Dr Anusuriya Devaraju1, Uwe Schindler1, Dr Michael Diepenbroek1
1MARUM, University Of Bremen, , Germany
With an increasing number of open research data in data portals, users found it difficult to discover new, relevant, and interesting datasets from these portals. Conventional data search, for example using a full text search may produce either too broad or too narrow results. It depends on the richness of metadata and how well a data search engine is fine-tuned to generate desired results. Further, this search mechanism is primarily suitable for users who can clearly express their information needs, but is inadequate for users who simply want to browse or discover potential datasets for developing or testing their applications. The PANGAEA data portal holds more than 380000 environmental datasets published with DOIs. We present a data recommender system to improve the discovery of PANGAEA datasets. The system was developed based on text analytics and usage mining. It produces two types of recommendations, ‘Datasets with similar metadata’ and ‘Users that were interested in this dataset were also interested in’. The first type of recommendation resembles text-matching search; however, it utilizes the metadata of a target dataset (e.g., title, author, location, time, publication, etc.) to identify its similar datasets. The second type of recommendation uses user interactions such as data page views, clicks and downloads to produce ‘new’ data recommendations. We evaluated the system online, its results highlight the effectiveness of the system in improving user engagement (e.g., click-through rates) on the data portal.

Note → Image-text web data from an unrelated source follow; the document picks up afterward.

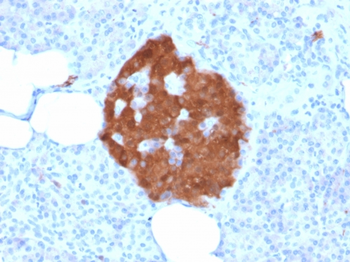 UCHL1 Antibody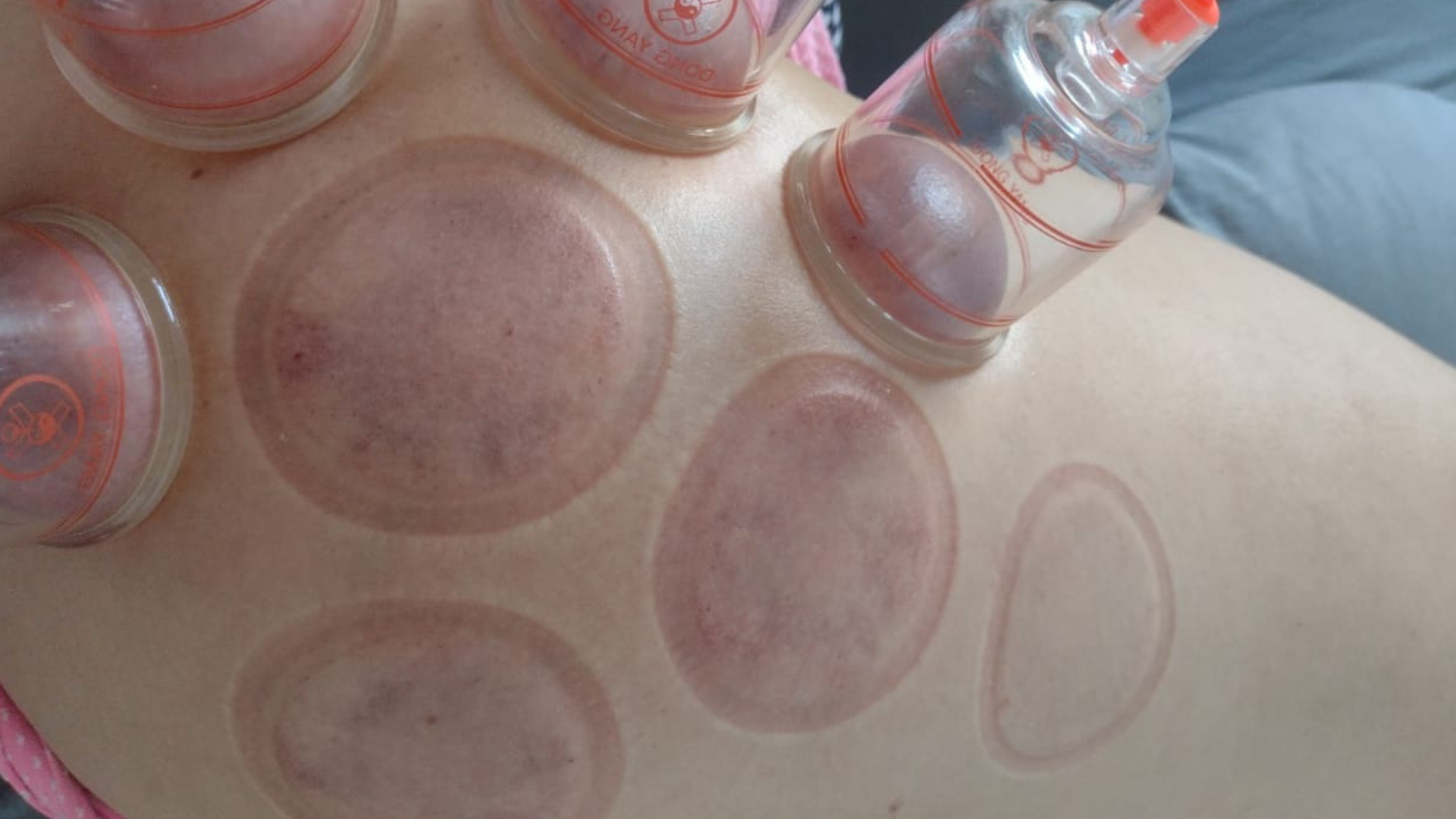 Fisioterapeuta da Fisiome realiza atendimento domiciliar em Boa Viagem, Recife, aplicando ventosas de acrílico na região dorsal e ombros de uma paciente deitada confortavelmente na sala de sua residência para alívio de nós de tensão.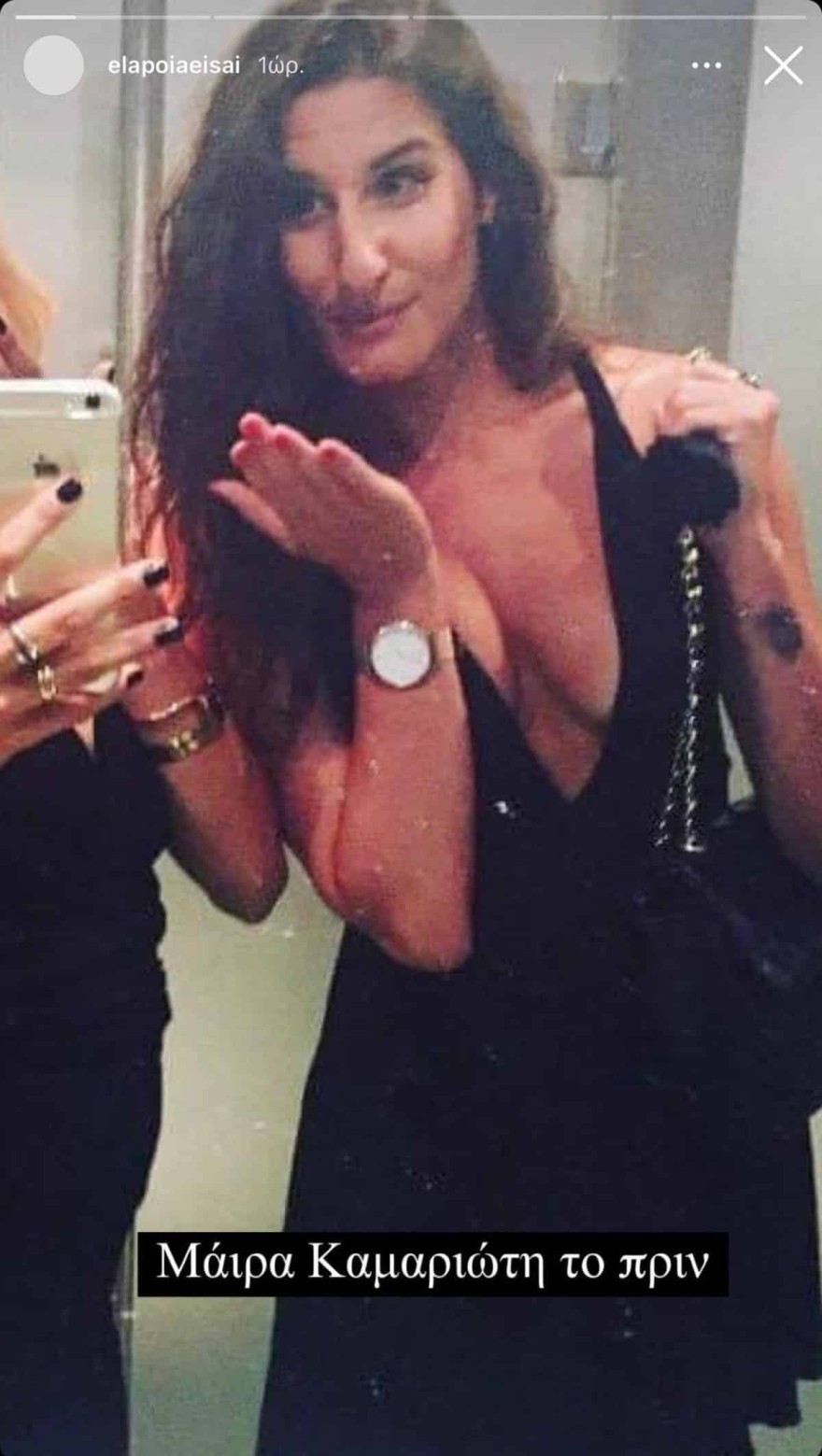 Μάιρα πριν από τις πλαστικές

Dr. Anusuriya Devaraju is a data scientist holding a PhD in Geoinformatics from the University of Muenster, with a specialization in semantic integration of geospatial information. She has a Master’s degree in System Design for Internet Applications from the Newcastle University, UK. Currently, she is working at the Centre for Marine Environmental Sciences (MARUM), University Bremen, where she is responsible for developing and implementing techniques based on data mining and machine learning to improve the discovery of PANGAEA datasets. Prior joining the research centre, she worked at Commonwealth Scientific and Industrial Research Organisation (CSIRO) Australia and developed information models and tools to improve the discovery of CSIRO research assets. During her postdoctoral time at Forschungszentrum Jülich, she contributed significantly to TERENO data management and integration.